--- MATERIALS PROVIDED ---

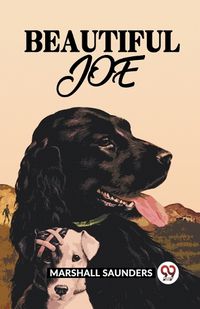 Cover image for Beautiful Joe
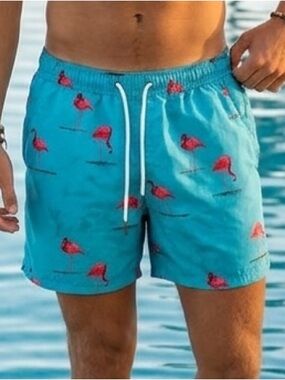 Next Swimwear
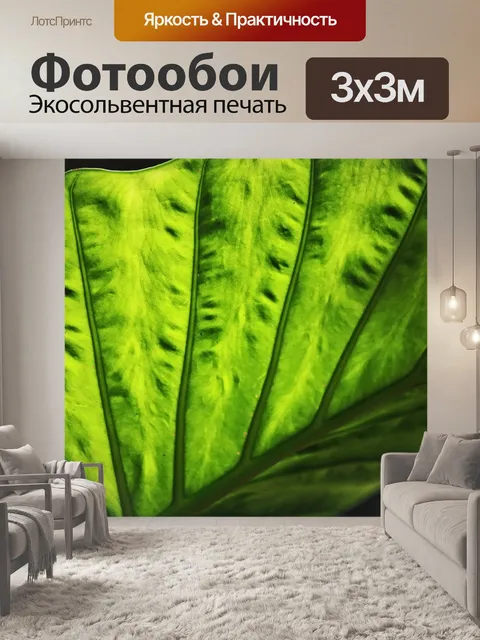 Фотообои близкий вид большого листа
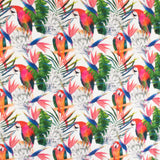 Gauze Cotton Print - NAP TIME - 005 - Green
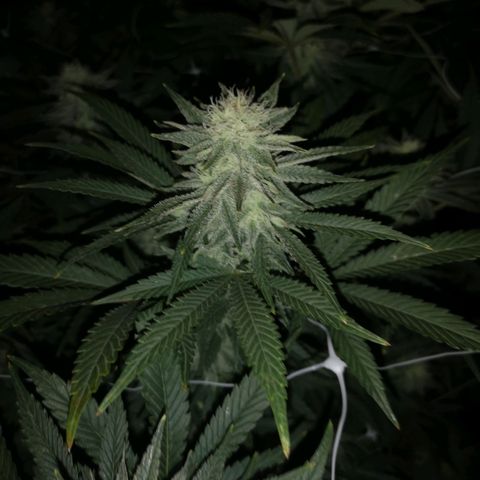 Grape Diamonds growlog timeline photo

---

PROBLEM TO WORK ON: Each line from the one that contains "Фотообои близкий вид большого листа" to the end of the listing must be quoted exactly; no other line and no picture belongs in the copy.

ANSWER BOX:
 Фотообои близкий вид большого листа
 Gauze Cotton Print - NAP TIME - 005 - Green
 Grape Diamonds growlog timeline photo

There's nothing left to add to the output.